I want an alternative to paying for cable or dish. My two big concerns are my wife and the reception I'll receive in Ohio. If any one has any feedback on these please respond.


----------



## machinejjh (Nov 13, 2012)

I bought a digital antenna after not wanting to give the cable company any more money. We get around 7 channels, and for as little as we watch tv that is fine. Reception is good unless it storms, and then the picture pixelates. I'm in Ohio as well btw. Should be fine.


----------



## Inor (Mar 22, 2013)

What is an over the air antenna?

Sorry for my ignorance. We do not have cable or dish, mainly because we do not watch TV.


----------



## Mad Trapper (Feb 12, 2014)

I am in the hills and with a good antenna (old school big monster channelmaster) and a booster I get 24 stations crystal clear. That is not counting duplicate stations or things that come in once in a while.

To hell with cable/satellite bills


----------



## Protect this House (Aug 12, 2013)

Its a high powered antenna that receives reception from satellites. Only costs about $100 to get the antenna and receiver and I've heard they pick up as many as 70 channels. I have seen one in California and it was picking up about 50.


----------



## Protect this House (Aug 12, 2013)

Machine are you in a rural area or close to a city. I'll be in the Youngstown area.


----------



## Broncosfan (Mar 2, 2014)

We have used an over the air antenna for over 2 years. We get 18+ channels. We live in southeastern, Ohio and there isn't alot around. We get all of the Columbus stations and two different PBS. I'm about 60 miles from Columbus. Most major stations have more than one channel like 6.1, 6.2. Older shows are one the .2 usually. I can move it around because it has a rotor that comes with it. It was only about $60 if I remember correctly. The one we have is a LAVA HD not sure if its model 2605 or 2805. You can find in on the internet. It does mount outside. I have never had much luck with the indoor ones. It looks weird but it works. I took a chance on it and we're very pleased.


----------



## machinejjh (Nov 13, 2012)

Protect this House said:


> Machine are you in a rural area or close to a city. I'll be in the Youngstown area.


Same as you.


----------



## Boss Dog (Feb 8, 2013)

If you have an old analog antenna, use it. These new "digital" antennas are mostly just marketing hype. I have done just fine with a home made wire antenna.


----------



## Broncosfan (Mar 2, 2014)

Boss Dog said:


> If you have an old analog antenna, use it. These new "digital" antennas are mostly just marketing hype. I have done just fine with a home made wire antenna.
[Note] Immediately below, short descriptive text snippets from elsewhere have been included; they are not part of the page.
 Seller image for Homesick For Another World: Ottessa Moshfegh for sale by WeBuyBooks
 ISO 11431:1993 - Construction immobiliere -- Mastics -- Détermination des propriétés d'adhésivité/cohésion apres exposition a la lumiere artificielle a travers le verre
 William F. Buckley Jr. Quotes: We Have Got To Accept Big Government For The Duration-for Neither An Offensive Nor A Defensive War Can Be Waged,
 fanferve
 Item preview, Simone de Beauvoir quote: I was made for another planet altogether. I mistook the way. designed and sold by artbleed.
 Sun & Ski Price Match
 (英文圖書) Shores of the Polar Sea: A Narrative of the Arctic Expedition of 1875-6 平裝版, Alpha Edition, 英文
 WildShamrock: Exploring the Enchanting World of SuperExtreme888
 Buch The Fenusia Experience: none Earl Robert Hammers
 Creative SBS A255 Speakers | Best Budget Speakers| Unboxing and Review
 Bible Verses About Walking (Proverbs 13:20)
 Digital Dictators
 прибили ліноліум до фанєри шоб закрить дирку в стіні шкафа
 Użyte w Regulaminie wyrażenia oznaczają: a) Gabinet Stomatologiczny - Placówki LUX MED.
Some are a joke. We purchase a new analog antenna and was only able to get one channel. I decided to gamble on a HD antenna that mounts outside and it was amazing how many channels that I got. I mounted both anntenns at the same height about 10 feet above my roof line ad no matter where I turned the analog antenna we still only got one channel. Best $60 I ever spent. I lose some signals once in a while and I live were its real windy so I do have to adjust it once in awhile but it come with a rotor so its fairly easy.


----------



## bad (Feb 22, 2014)

We use an old bow-tie antenna on our computer monitor/TV. I wouldn't watch it ever but my spouse does. We get 3 stations, all broadcast from the same tower. No other stations are within 80+ miles.

In the early 90s I had a C-Band dish about 8' across. Had to aim it at maybe 20 different geosynchronous satellites. Each satellite had a max of 24 stations or feeds on it. Nothing was encrypted.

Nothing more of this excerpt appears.